酒殿駅まで来ると、進行方向左手には山々が見えてくる。昔は、この駅から貨物支線が分岐していたようだ。ここには石炭を満載した貨車が並んでいたのだろうか。ここに9600型機関車とセキがいたら、さぞかし絵になったのだろうと想像する。

列車は終点の一つ手前にある新原駅へと到着した。私とJ氏は新原駅を見るべく、途中下車をすることにした。この駅では待ち合わせのため、3分ほど停車となっていた。
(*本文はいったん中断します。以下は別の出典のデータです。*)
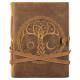 DARK BROWN SUEDE TREE WITH SUN AND MOON JOURNAL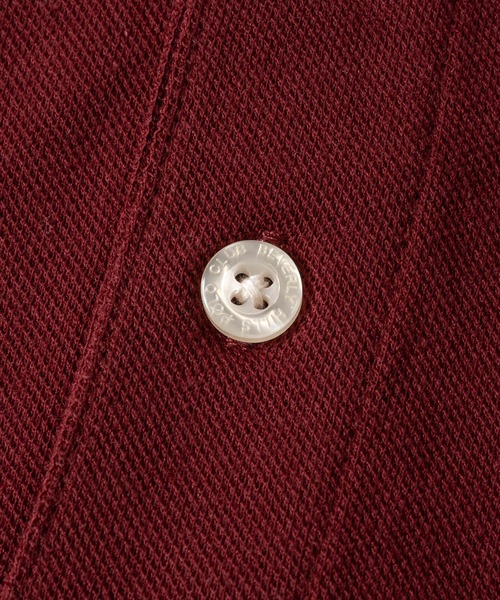 JOHN'S CLOSET(ジョンズクローゼット)の「【15】〔BEVERLY HILLS POLO CLUB/ビバリーヒルズポロクラブ〕ワンポイント刺しゅうベーシック鹿の子ポロシャツ(ポロシャツ・メンズ・グリーン/レッド/ネイビー/グレー・LARGE/MEDIUM)」の7枚目の写真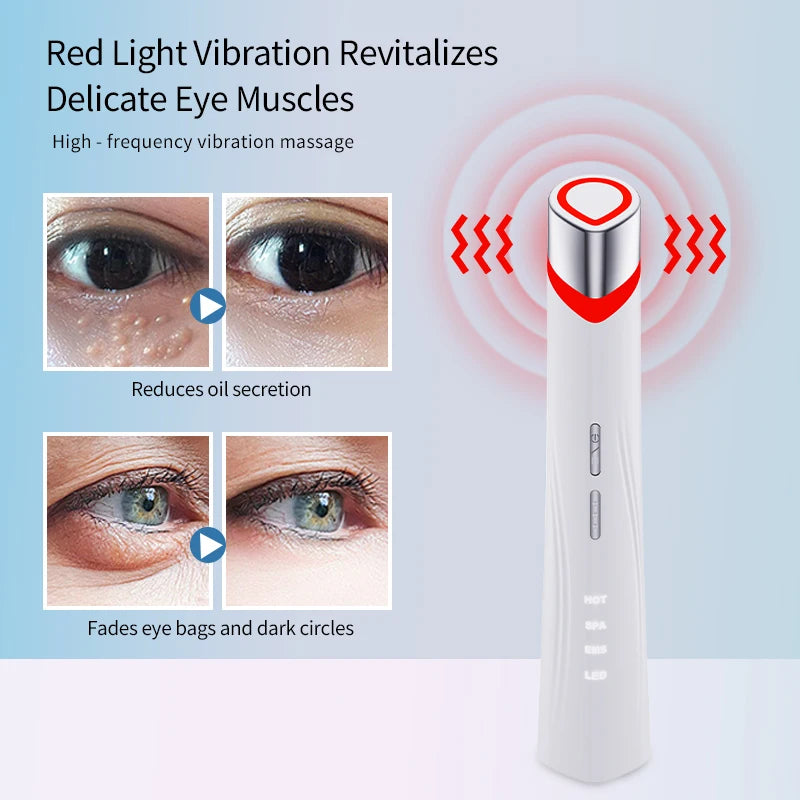 Appareil de Massage Oculaire Multifonction | Lumière Verte, Anti-Âge, Raffermissement et Relaxation des Yeux
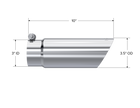 MBRP Exhaust Tip 3-Inch Inlet 3.5-Inch Outlet Dual Wall T304 Stainless Steel Universal Fit
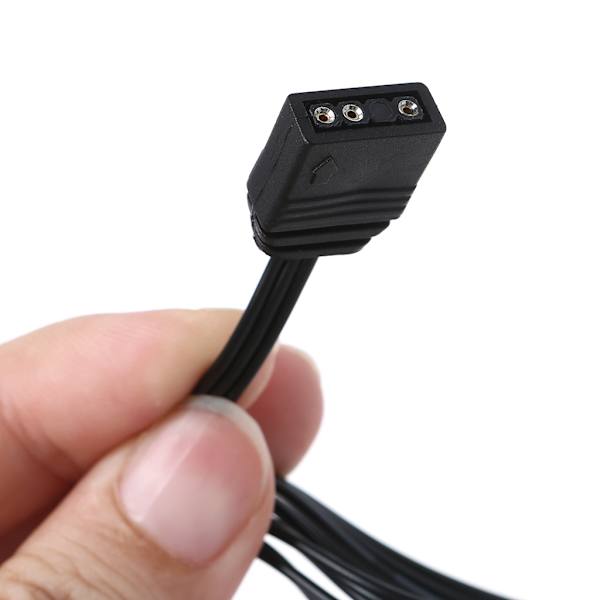 5V 3 stift 4 stift ARGB RGBW kabeldelarnav för case Tape Förlängningskabel Adapter LED Strip Light PC RGB Fläktkylare SATA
後からやってきた上り列車が香椎方面へと発車していく。ローカル線らしいキハ40系とマッチした光景だと思う。香椎線で見てきたシーンで一番好きな場面である。

 
こちらが新原駅の駅舎。木造の引き戸が良い雰囲気を出している。駅名板にはふりがなが降ってある。 


 ホームの案内は昔ながらの書体で書かれていた。

 駅の構内踏切からは、宇美方面の下り線に昔の低いホームを見ることができる。

 20分ほど滞在ののち、次の列車がやってきた。嬉しいことは続くもので、後ろのキハ40もこれまた原型エンジン車であった。

 新原から一駅走り、終点の宇美駅へと到着した。夕日を受けるキハ40 2053がアイドリング音を静かに鳴らしながら、折り返しの運用を待っている。
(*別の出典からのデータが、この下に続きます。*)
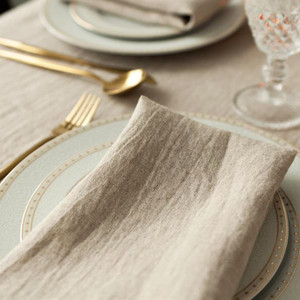 Bán buôn tùy chỉnh nhà hàng Wedding Dinner hemstitch sự kiện vải Linen 45x45 bảng Khăn ăn - Product Image 5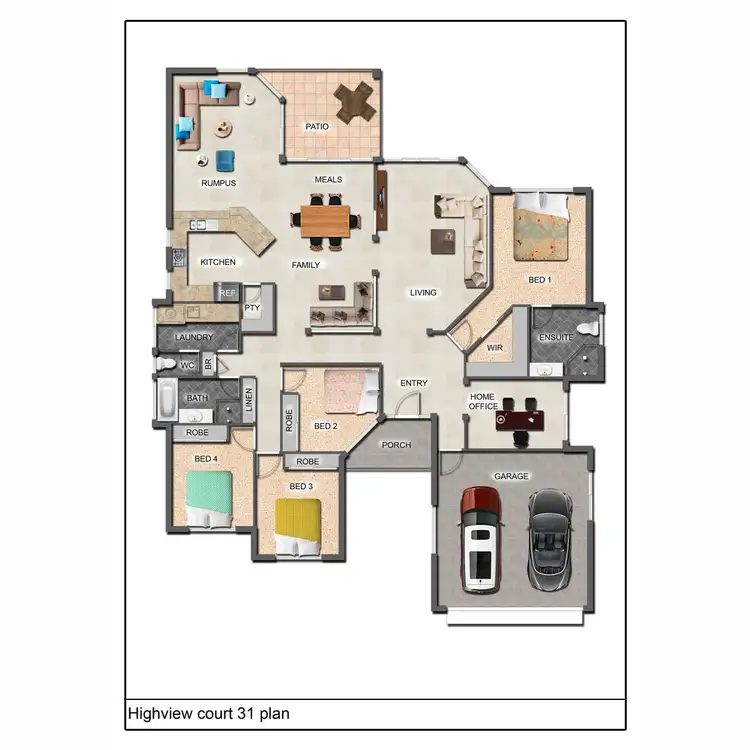 Floorplan of Homely house listing, 31 Highview Court, Woodhill QLD 4285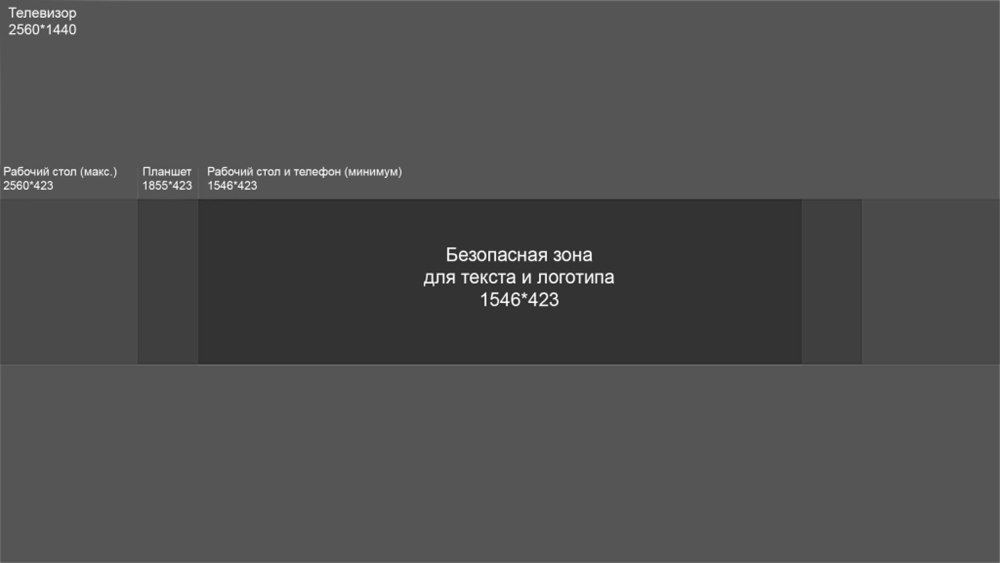 Шапка для канала макет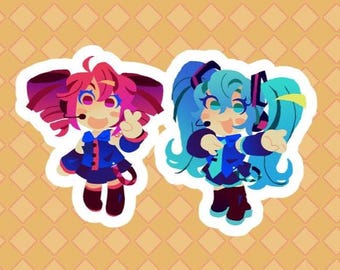Holographic Miku Teto Stickers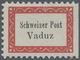 * Liechtenstein - Botenpost Vaduz-Sevelen: Boten-Postmarke 10 H. Dreiseitig Gezähnt, Sauber Ungebraucht - Other & Unclassified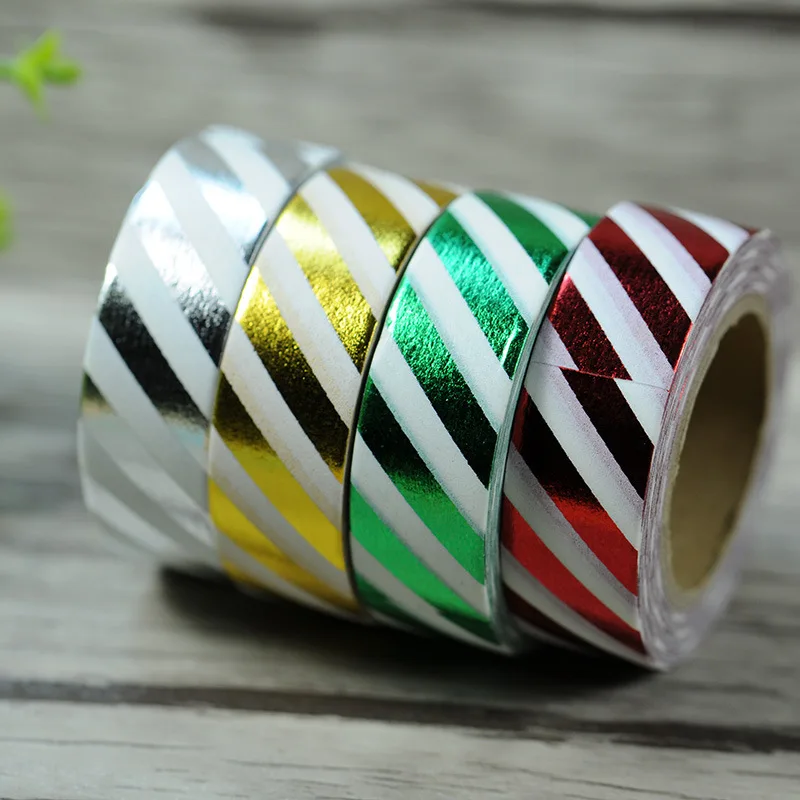 Gold Foil 10m Paper Tape Strip Christmas Decorative Washi Tape 
Gold Foil 10m Paper Tape Strip Christmas Decorative Washi Tape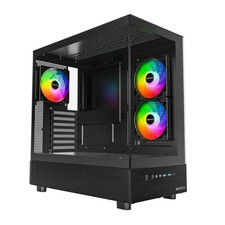MONTECH XR-B, ATX Mid-Tower PC Gaming Case, 3x120mm ARGB PWM Fans XR, Black picture
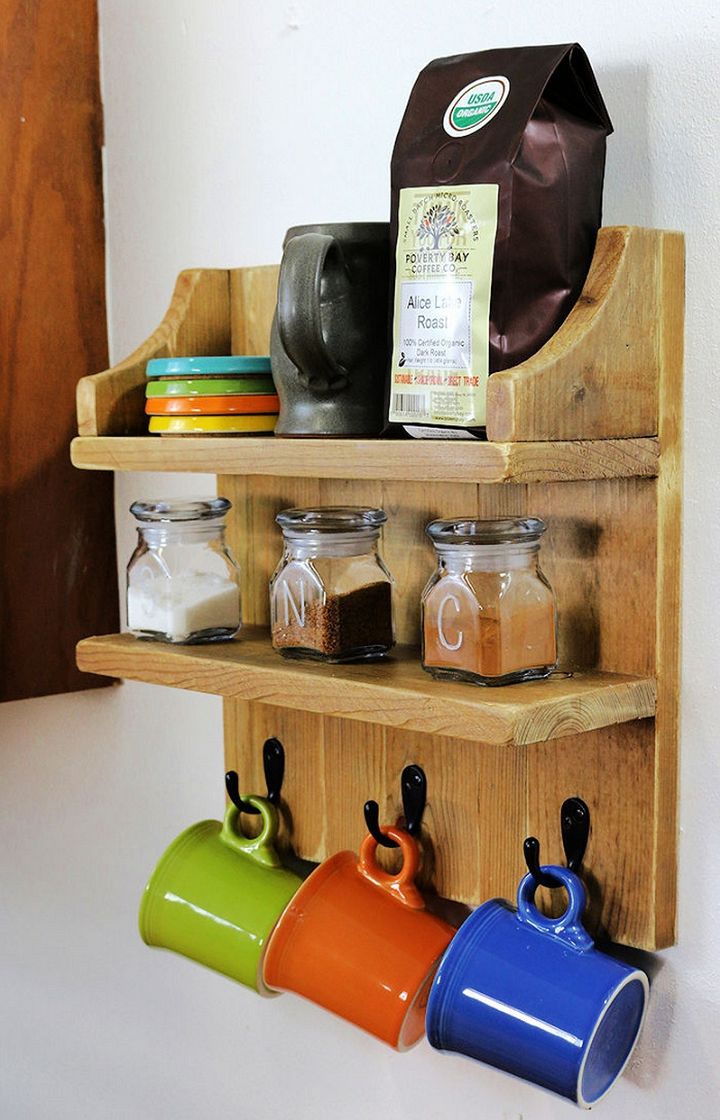 DIY Rustic Coffee Shelf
 宇美駅の先は確かに線路が止まっている。線路は剥がされているが、機回し線の跡が見えている。かつては客車列車を引いてきた機関車がここで機回しをしていたのだろうか。
 
宇美駅は宇美八幡宮の最寄り駅ということもあってか、神社風の駅舎を構えている。乗降客が比較的多い駅ではあったが無人駅であり、皆sugocaをピッと自動改札へとタッチして乗車下車をしていた。
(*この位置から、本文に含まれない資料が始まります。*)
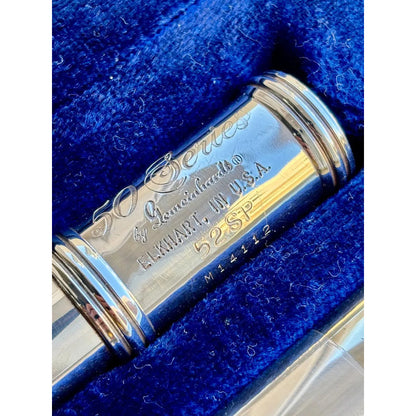 Flauta Transversal Gemeinhardt 52 Sp -  Made In Usa  #132 Prateado
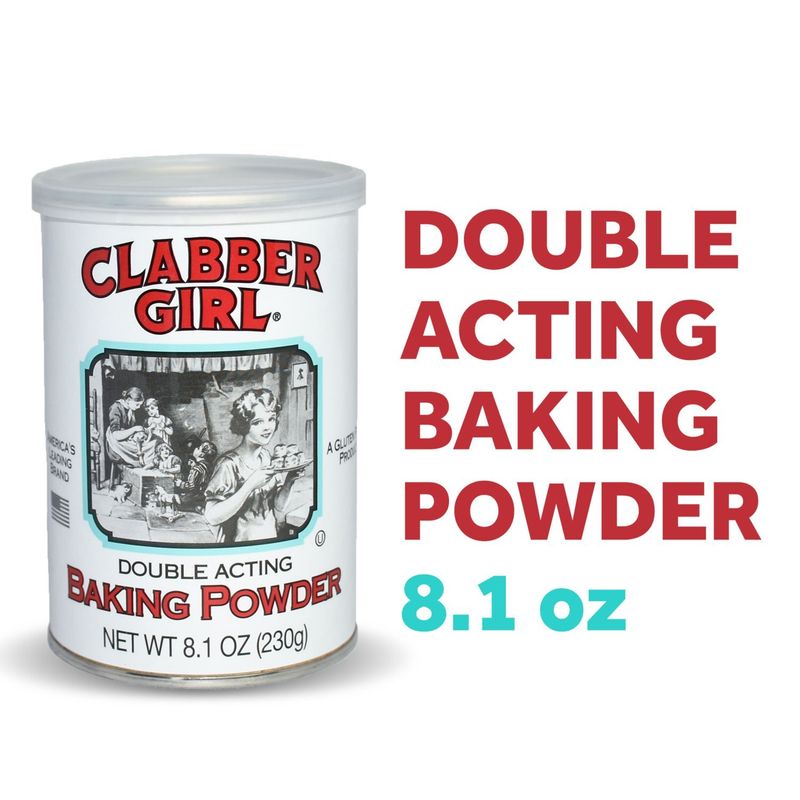 Clabber Girl Double Acting Baking Powder, 8.1 oz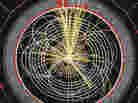 Scientists at the Large Hadron Collider announced the discovery of the Higgs boson on July 4, the long-sought building block of the universe. This image shows a computer-simulation of data from the collider. Scientists at the Large Hadron Collider announced the discovery of the Higgs boson on July 4, the long-sought building block of the universe. This image shows a computer-simulation of data from the collider.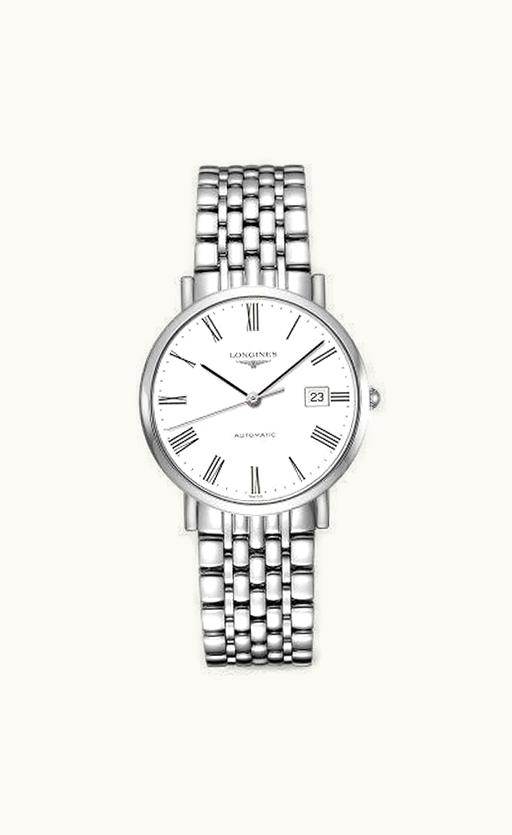 Longines Elegant Collection Automatic 37 Stainless Steel / White / Bracelet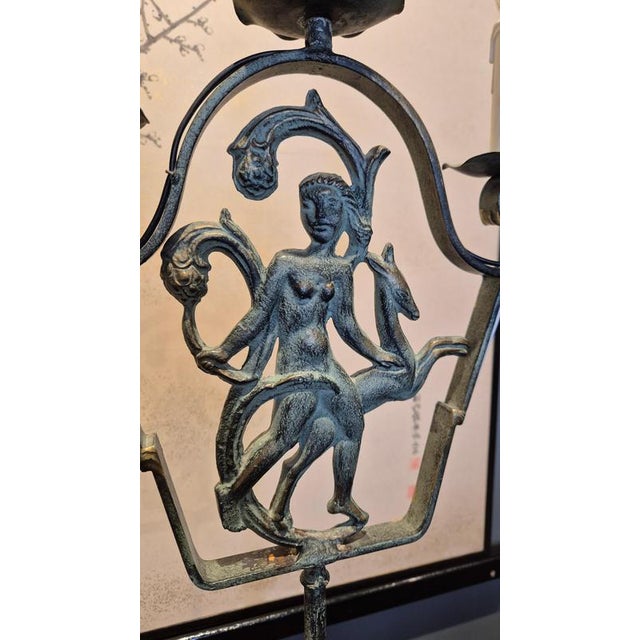 Swedish Grace Floor Lamp by Bjerkås, 1930s For Sale - Image 17 of 18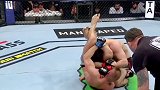 ufc 精彩瞬间回顾 小鹰 堂弟UFC首秀遭降服 对手竟然是李景亮 的手下败将！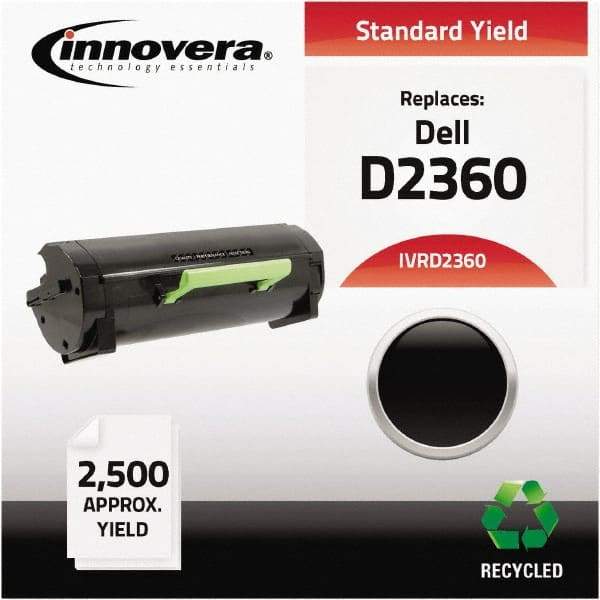 innovera - Black Toner Cartridge - Use with Dell B2360D, B2360DN, B3460DN, B3465DN, B3465DNF - Top Tool & Supply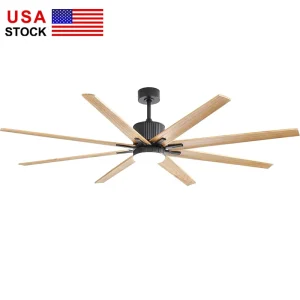 76 Inch Ceiling Fan Large Industrial Ceiling Fan Light with DC Motor Remote Control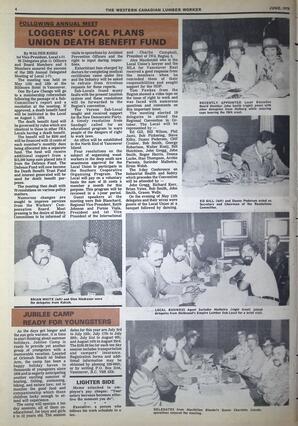   The Western Canadian Lumber Worker, Vol. XLVI No. 5, Jun. 1978   , page 4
 発車を待つキハ40とキハ47のペア。この列車へのまとまった数の乗車と下車があり、また立派な自動改札機が2台並んでいる風景を見ると無人駅であるのが不思議に思えてしまう。


宇美方のキハ47 8074は昭和54年に富士重工で製造されたとのことで、実に40年近くの稼働となっていた。

 相方のキハ40 2053はキハ47 8074より1年若く、新潟鐵工(新潟トランシス)にて製造された。

国鉄時代からの3枚羽扇風機。扇風機を装備している車両は随分と少なくなってしまった。

キハ40 2053の香椎行きで戻り、長者原駅で香椎線の旅を締めくくった。

長者原駅で私たちを降ろした列車は、たくさんの高校生を載せて香椎へ向け出発していった。

長者原駅は立体交差になっていて、下を篠栗線が走っている。篠栗線の線路は幹線であることを象徴するかのように輝いていた。

この日の香椎線は下り、上り共にかなりの乗車率であり、輸送密度の高い路線であることを如実に感じた。全線でsugocaが使えるというのも納得である。かつて香椎~宇美の南半分が国鉄末期に使命を終えたと定義される「赤字83線」に含まれていたとは信じがたいほどの良好な乗車率であった。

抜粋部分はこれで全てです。